> _What you should do_: Would you please repeat, word for word, only the lines from the one holding "A Disney's Animal" through the one holding "Pantaloni slim in" in the material below, without the pictures?

> _Data for processing_:
- Opening Delimiter -

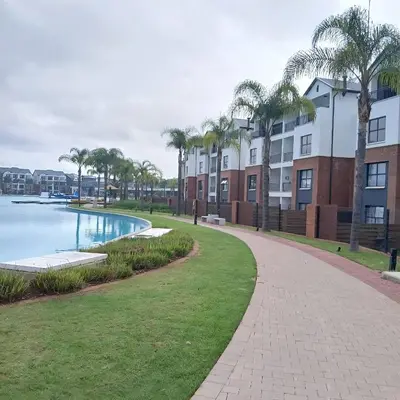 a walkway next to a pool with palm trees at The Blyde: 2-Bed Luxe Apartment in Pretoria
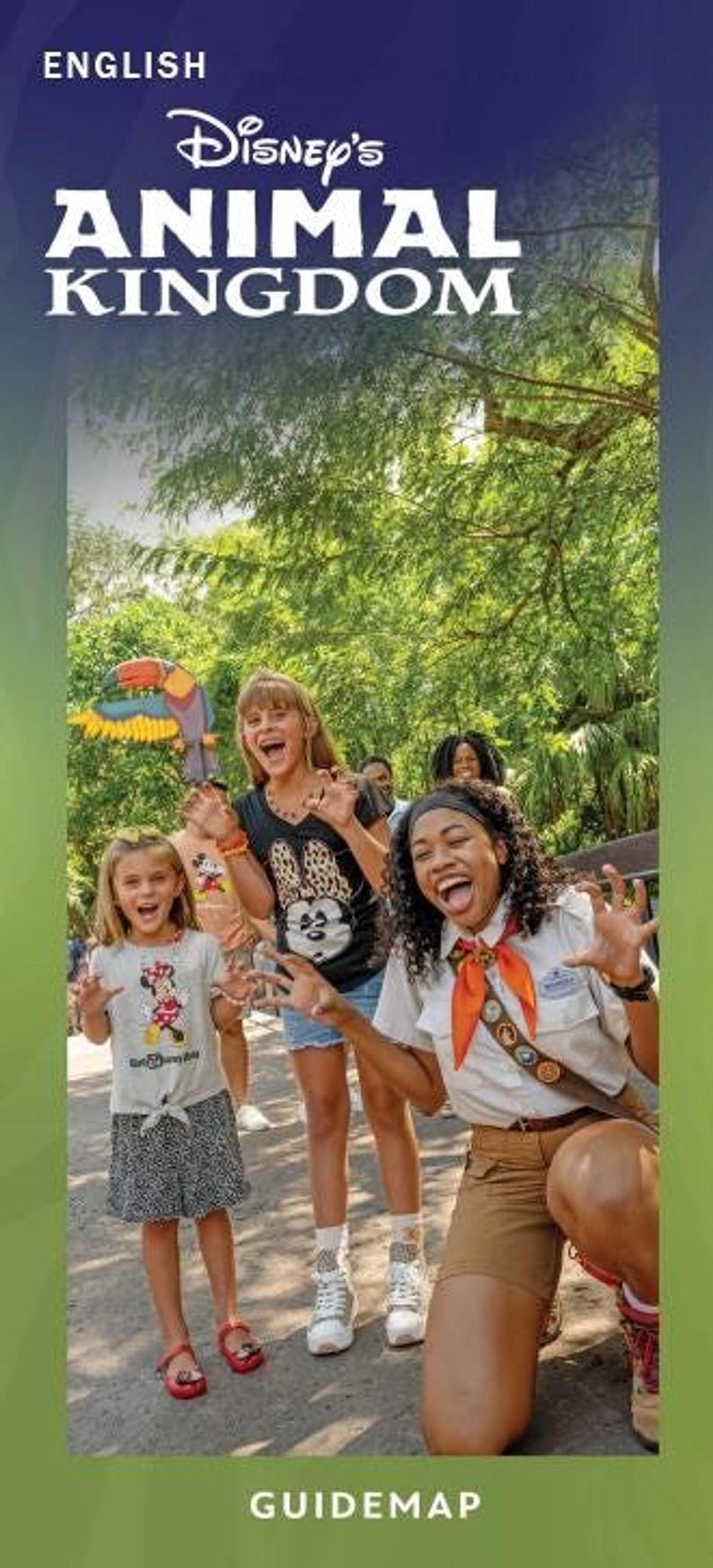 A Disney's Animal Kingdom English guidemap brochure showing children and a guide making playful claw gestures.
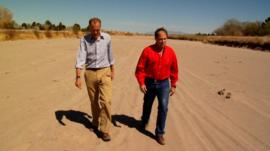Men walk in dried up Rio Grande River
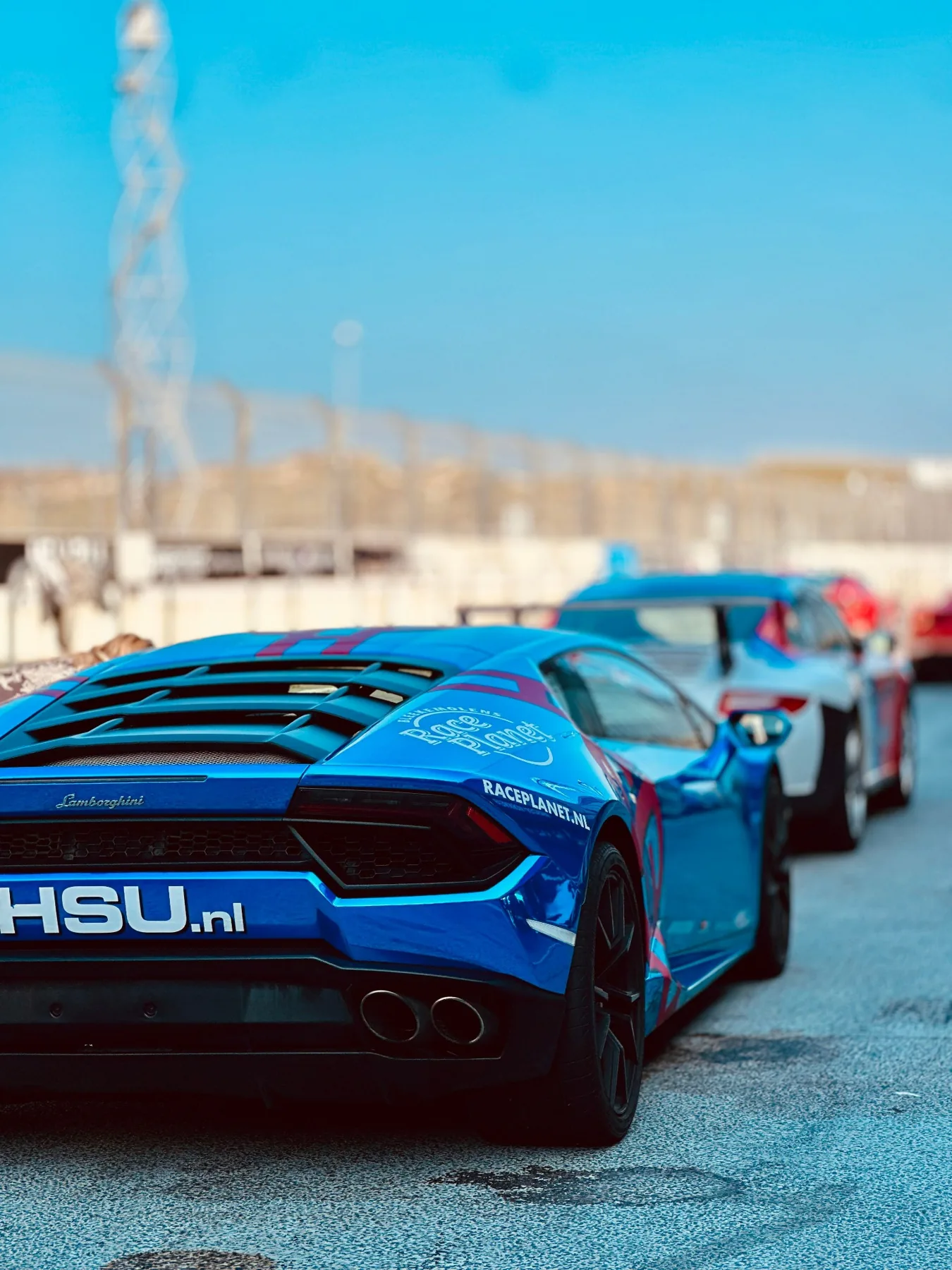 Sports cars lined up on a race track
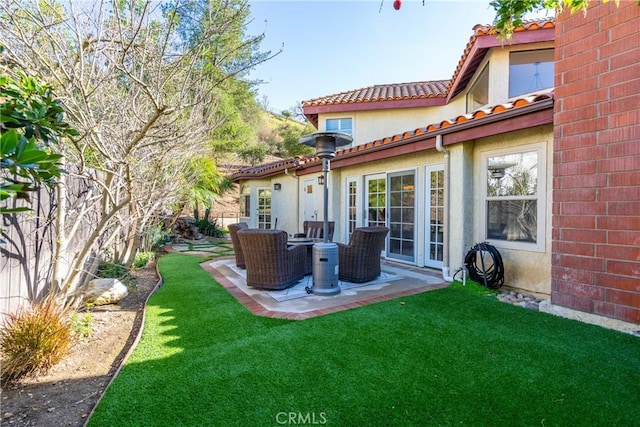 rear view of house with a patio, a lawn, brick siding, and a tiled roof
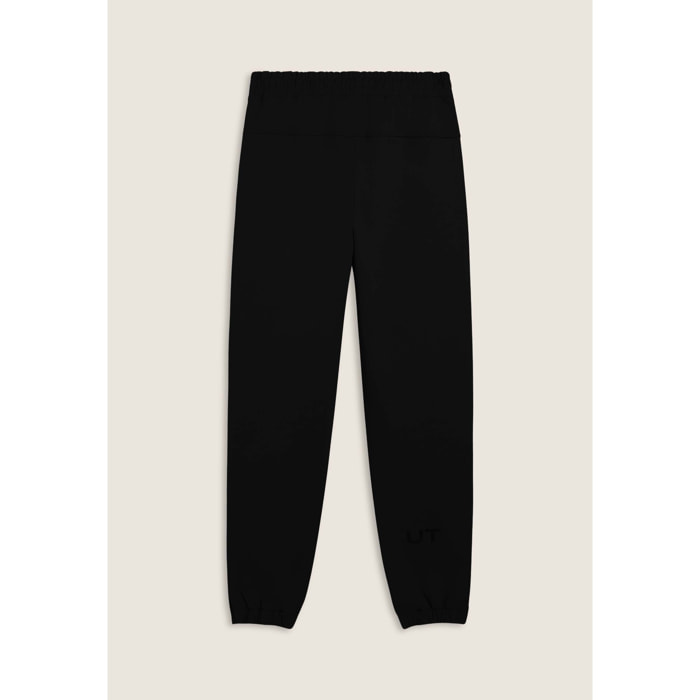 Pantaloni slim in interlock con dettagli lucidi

- Closing Delimiter -
- Opening Delimiter -

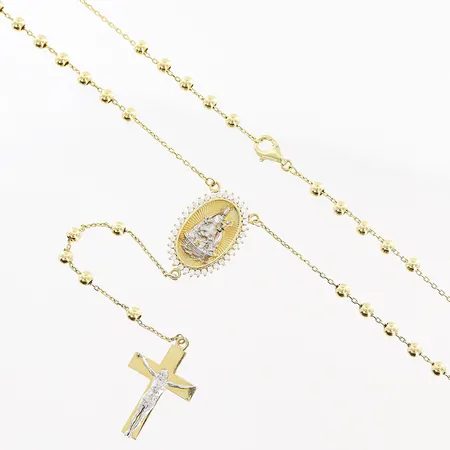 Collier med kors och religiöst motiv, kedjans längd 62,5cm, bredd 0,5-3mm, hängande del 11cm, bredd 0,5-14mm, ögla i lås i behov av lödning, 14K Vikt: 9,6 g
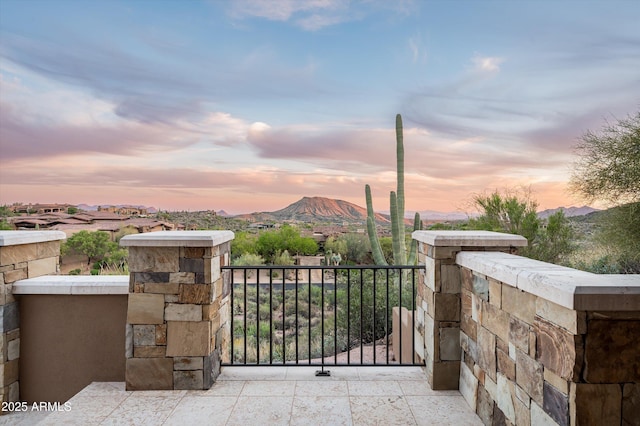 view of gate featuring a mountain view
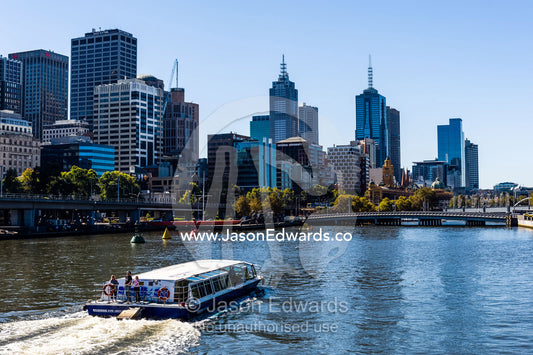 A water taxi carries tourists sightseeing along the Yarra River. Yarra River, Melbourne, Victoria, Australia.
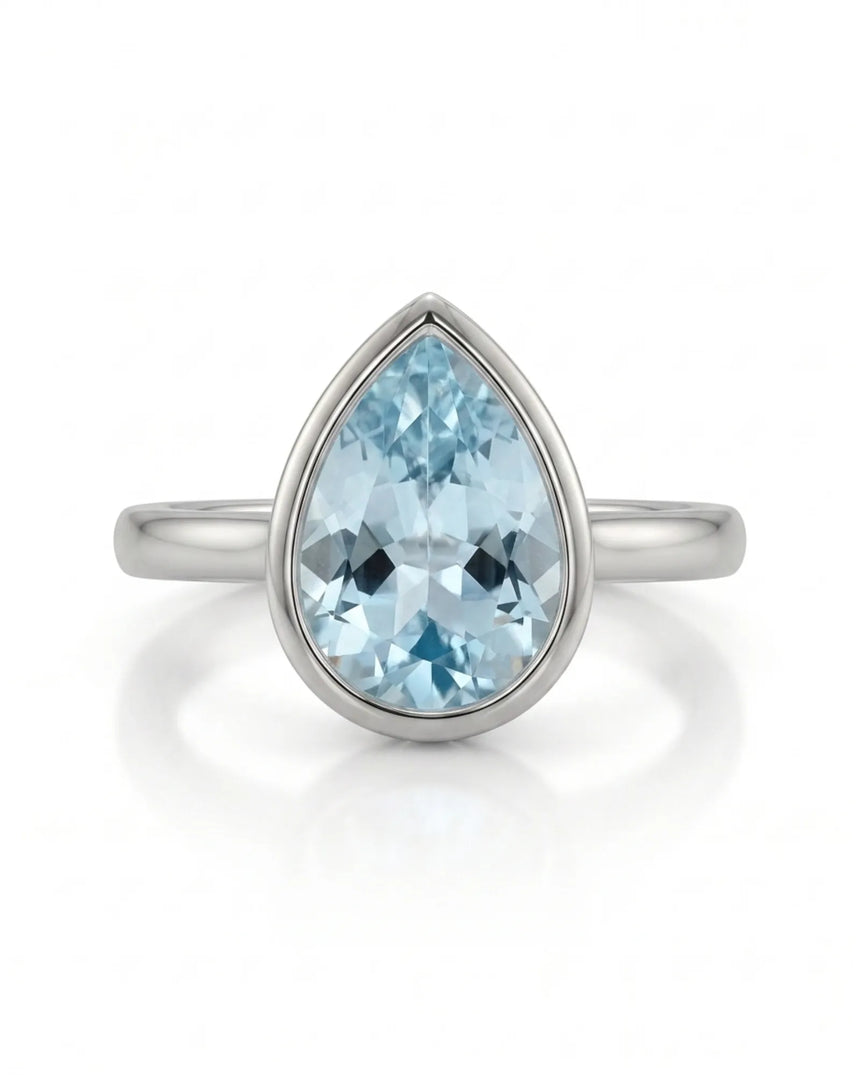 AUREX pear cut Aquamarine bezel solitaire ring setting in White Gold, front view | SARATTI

- Closing Delimiter -

> _Output below_:
 A Disney's Animal Kingdom English guidemap brochure showing children and a guide making playful claw gestures.
Men walk in dried up Rio Grande River
 Sports cars lined up on a race track
 rear view of house with a patio, a lawn, brick siding, and a tiled roof
 Pantaloni slim in interlock con dettagli lucidi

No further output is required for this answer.